Jalur populer lain adalah melalui Kaliurang, Kecamatan Pakem, Kabupaten Sleman, Yogyakarta di sisi selatan. Jalur ini lebih terjal dan memakan waktu sekitar 6-7 jam hingga ke puncak. Jalur alternatif yang lain adalah melalui sisi barat laut, dimulai dari Sawangan, Kabupaten Magelang, Jawa Tengah dan melalui sisi tenggara, dari arah Deles, Kecamatan Kemalang, Kabupaten Klaten, Jawa Tengah.

Ini sekilas catatan perjalanan pertamaku menuju ke Merapi..

Perjalanan dimulai dari Bandara Internasional Sultan Hasanuddin Makassar menuju Bandara Internasional Juanda Surabaya. Setiba di Bandara Juanda kemudian lanjut menuju Terminal Bungurasih dengan bus jurusan terminal yang tersedia kira-kira setiap 30 menit. Dari Terminal Bungurasih mengambil Bus Eka jurusan Surabaya - Semarang (via Solo) dan turun di Boyolali (Perempatan setelah Rumah Sakit Pandanaran). Di perempatan kita bisa naik bus kecil menuju desa selo dengan waktu tempuh sekira 45 menit, hingga sampai ke titik start pendakian. Tempat ini bernama New Selo, di sana terdapat beberapa warung dan Joglo yang lumayan luas untuk beristirahat sejenak sebelum memulai pendakian.

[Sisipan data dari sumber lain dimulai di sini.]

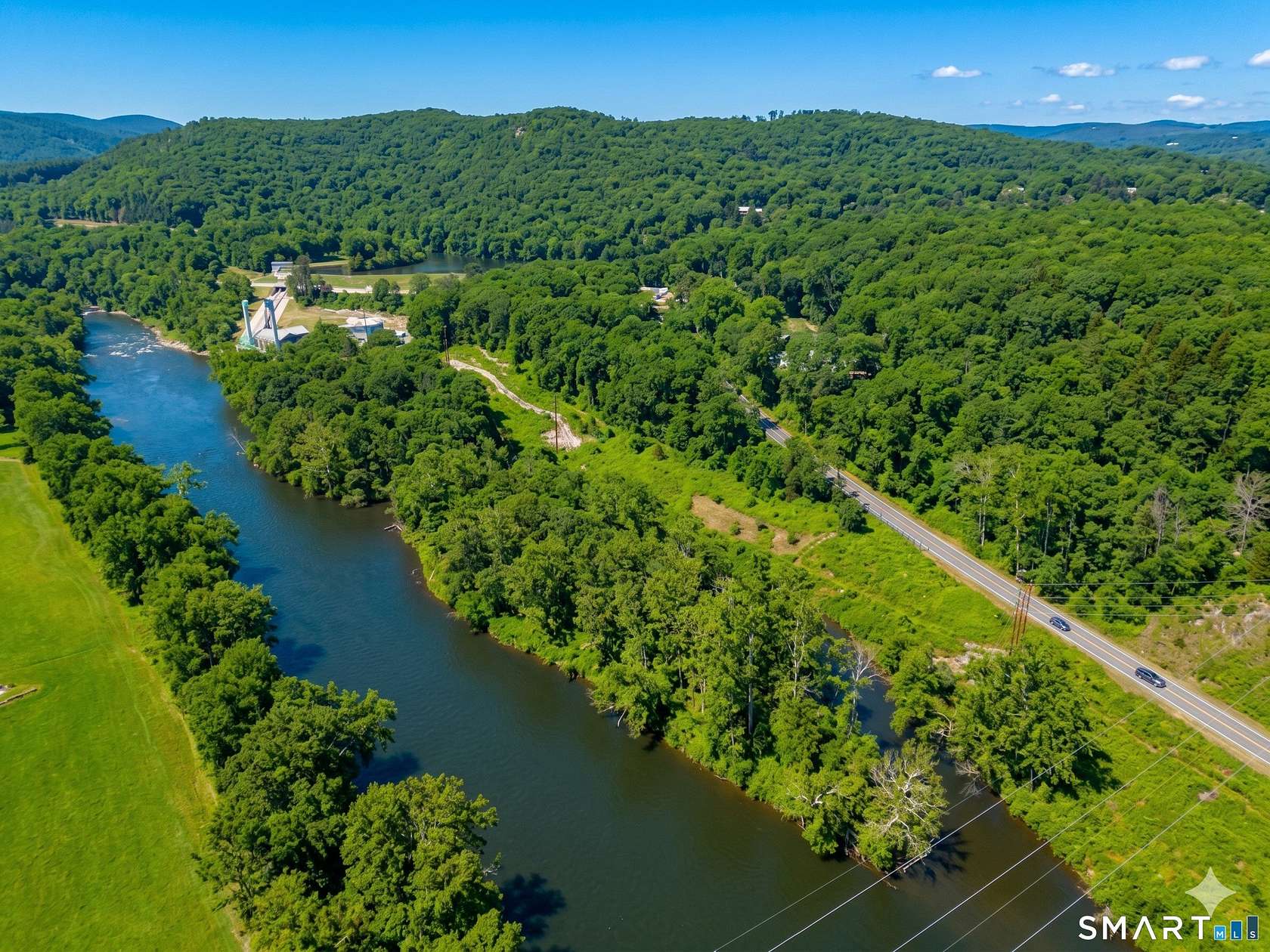 13.7 Acres of Recreational & Residential Land for Sale in New Milford, Connecticut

New Selo; titik start pendakian


Ketika di New Selo saya mendapati hanya satu warung yang terbuka saat itu, pemiliknya bernama pak Arif biasa dipanggil dengan nama Mas Daeng. Nah, kenapa namanya Mas Daeng? dari cerita beliau bahwa hanya dia satu-satunya orang Sulawesi yang tinggal di daerah itu. Beliau adalah seorang perantau dari Sinjai dan mulai menetap di desa Selo pada tahun 1986, hingga saat ini, beliau sudah menetap, mempunyai istri, dua orang anak, dan seorang cucu. Saya senang bisa bertemu orang yang berasal dari sesama pulau, sangat banyak yang dia ceritakan, tentang pengalamannya menjadi perantau, memulai hidup dari nol dengan hanya mencari kayu bakar untuk dijual, hingga pada tekadnya yang kuat untuk tidak meninggalkan desa Selo semasa erupsi Merapi 2010.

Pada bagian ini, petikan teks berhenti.